As the tow vehicle moves forward faster than the towed aircraft, the tow line is unspooled under the mechanical load of the towed aircraft, (as shown in and discussed with respect to FIG. 1). The line is unspooled (paid out) by said mechanical load, and the unspooling is opposed by the braking torque induced as described above. This results in gradual and controlled paying out of the tow line under desired tension. The tension can be adjusted in real time via the optional variable resistor (FIG. 4, element 3) and also by speeding up or slowing down the tow vehicle (FIG. 1, element 1).

Referring to FIG. 4 again, if the motor's maximum braking torque is too weak to maintain adequate line tension (due to a heavier towed aircraft), the motor can be powered by supplying additional current from the motor's power supply in such a way that it's rotating torque will oppose the mechanical rotation caused by the unspooling of the tow line. This powering is accomplished by using the switch 4 to close the circuit comprising the motor 1, variable resistor 7, and the battery discharge terminals 2-1. Then, the powered motor's active torque will oppose the mechanical load torque, resulting in greater braking force. Such active torque is regulated by the variable resistor 7.

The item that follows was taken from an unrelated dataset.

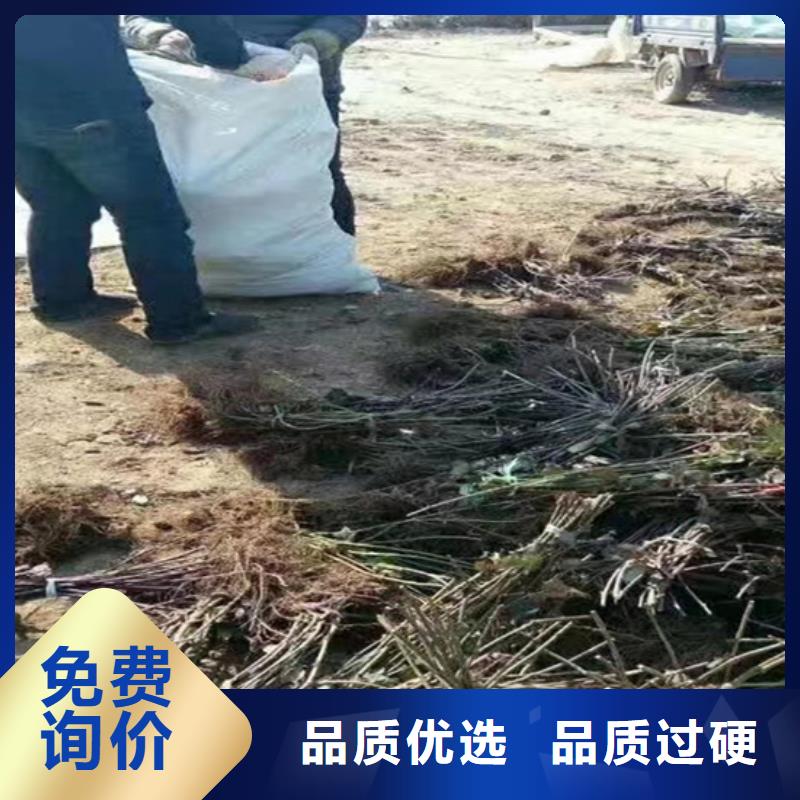 树莓石榴树送货上门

When the desired altitude of the towed aircraft is reached, the tow line is released by the pilot and needs to be spooled back onto the drum. The operator gives power to the motor 1 using the switch 4 and the motor 1 rotates the winch drum spooling in the tow line. The reel-in speed is again regulated by the variable resistor 7.

With this design and operation, pay-in tows are easily accomplished as well. Under a pay-in method, the line is first unspooled from the winch drum and laid out on the ground. The aircraft to be towed is attached to the free end of the tow line. The operator then powers the motor using the switch 4 and pays in the tow line causing the aircraft to gain altitude. The tow tension in this case is regulated by the variable resistor 7. After the tow line is released, it can be stretched out again for another pay-in tow or reeled in back onto the winch drum the same way it was being reeled in during the pay-in tow.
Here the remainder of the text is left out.